§ **WHAT YOU SHOULD DO**:
An exact copy of all the data below is required.

§ **RECORDED INFORMATION**:
⟨

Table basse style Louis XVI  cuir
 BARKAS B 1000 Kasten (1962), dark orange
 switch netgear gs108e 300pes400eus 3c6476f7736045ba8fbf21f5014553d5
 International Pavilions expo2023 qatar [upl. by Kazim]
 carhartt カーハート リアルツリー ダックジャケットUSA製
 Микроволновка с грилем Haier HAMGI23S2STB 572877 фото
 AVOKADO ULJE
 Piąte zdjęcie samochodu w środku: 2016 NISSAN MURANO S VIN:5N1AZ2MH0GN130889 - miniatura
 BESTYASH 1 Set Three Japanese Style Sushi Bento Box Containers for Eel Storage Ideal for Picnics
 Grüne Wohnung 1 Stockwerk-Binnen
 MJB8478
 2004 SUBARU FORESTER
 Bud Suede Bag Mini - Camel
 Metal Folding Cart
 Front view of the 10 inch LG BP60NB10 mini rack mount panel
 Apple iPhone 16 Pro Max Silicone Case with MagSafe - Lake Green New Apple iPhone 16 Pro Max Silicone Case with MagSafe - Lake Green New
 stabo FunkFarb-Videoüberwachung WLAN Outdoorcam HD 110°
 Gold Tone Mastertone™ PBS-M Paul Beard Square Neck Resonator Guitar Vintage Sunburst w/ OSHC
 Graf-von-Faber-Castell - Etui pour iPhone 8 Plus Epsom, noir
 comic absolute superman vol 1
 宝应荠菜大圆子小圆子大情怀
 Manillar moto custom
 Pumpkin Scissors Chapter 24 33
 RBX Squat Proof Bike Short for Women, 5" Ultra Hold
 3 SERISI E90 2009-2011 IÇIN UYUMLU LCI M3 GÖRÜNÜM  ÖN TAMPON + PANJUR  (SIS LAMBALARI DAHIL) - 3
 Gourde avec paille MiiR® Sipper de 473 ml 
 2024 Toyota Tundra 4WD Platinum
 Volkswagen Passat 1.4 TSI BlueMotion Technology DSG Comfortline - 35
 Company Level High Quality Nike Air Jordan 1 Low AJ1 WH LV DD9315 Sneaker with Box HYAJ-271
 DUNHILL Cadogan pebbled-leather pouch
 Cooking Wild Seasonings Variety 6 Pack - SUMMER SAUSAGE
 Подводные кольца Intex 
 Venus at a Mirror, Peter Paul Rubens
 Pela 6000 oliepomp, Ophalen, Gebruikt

⟩

§ **SOLUTION**:
Table basse style Louis XVI  cuir
 BARKAS B 1000 Kasten (1962), dark orange
 switch netgear gs108e 300pes400eus 3c6476f7736045ba8fbf21f5014553d5
 International Pavilions expo2023 qatar [upl. by Kazim]
 carhartt カーハート リアルツリー ダックジャケットUSA製
 Микроволновка с грилем Haier HAMGI23S2STB 572877 фото
 AVOKADO ULJE
 Piąte zdjęcie samochodu w środku: 2016 NISSAN MURANO S VIN:5N1AZ2MH0GN130889 - miniatura
 BESTYASH 1 Set Three Japanese Style Sushi Bento Box Containers for Eel Storage Ideal for Picnics
 Grüne Wohnung 1 Stockwerk-Binnen
 MJB8478
 2004 SUBARU FORESTER
 Bud Suede Bag Mini - Camel
 Metal Folding Cart
 Front view of the 10 inch LG BP60NB10 mini rack mount panel
 Apple iPhone 16 Pro Max Silicone Case with MagSafe - Lake Green New Apple iPhone 16 Pro Max Silicone Case with MagSafe - Lake Green New
 stabo FunkFarb-Videoüberwachung WLAN Outdoorcam HD 110°
 Gold Tone Mastertone™ PBS-M Paul Beard Square Neck Resonator Guitar Vintage Sunburst w/ OSHC
 Graf-von-Faber-Castell - Etui pour iPhone 8 Plus Epsom, noir
 comic absolute superman vol 1
 宝应荠菜大圆子小圆子大情怀
 Manillar moto custom
 Pumpkin Scissors Chapter 24 33
 RBX Squat Proof Bike Short for Women, 5" Ultra Hold
 3 SERISI E90 2009-2011 IÇIN UYUMLU LCI M3 GÖRÜNÜM  ÖN TAMPON + PANJUR  (SIS LAMBALARI DAHIL) - 3
 Gourde avec paille MiiR® Sipper de 473 ml 
 2024 Toyota Tundra 4WD Platinum
 Volkswagen Passat 1.4 TSI BlueMotion Technology DSG Comfortline - 35
 Company Level High Quality Nike Air Jordan 1 Low AJ1 WH LV DD9315 Sneaker with Box HYAJ-271
 DUNHILL Cadogan pebbled-leather pouch
 Cooking Wild Seasonings Variety 6 Pack - SUMMER SAUSAGE
 Подводные кольца Intex 
 Venus at a Mirror, Peter Paul Rubens
 Pela 6000 oliepomp, Ophalen, Gebruikt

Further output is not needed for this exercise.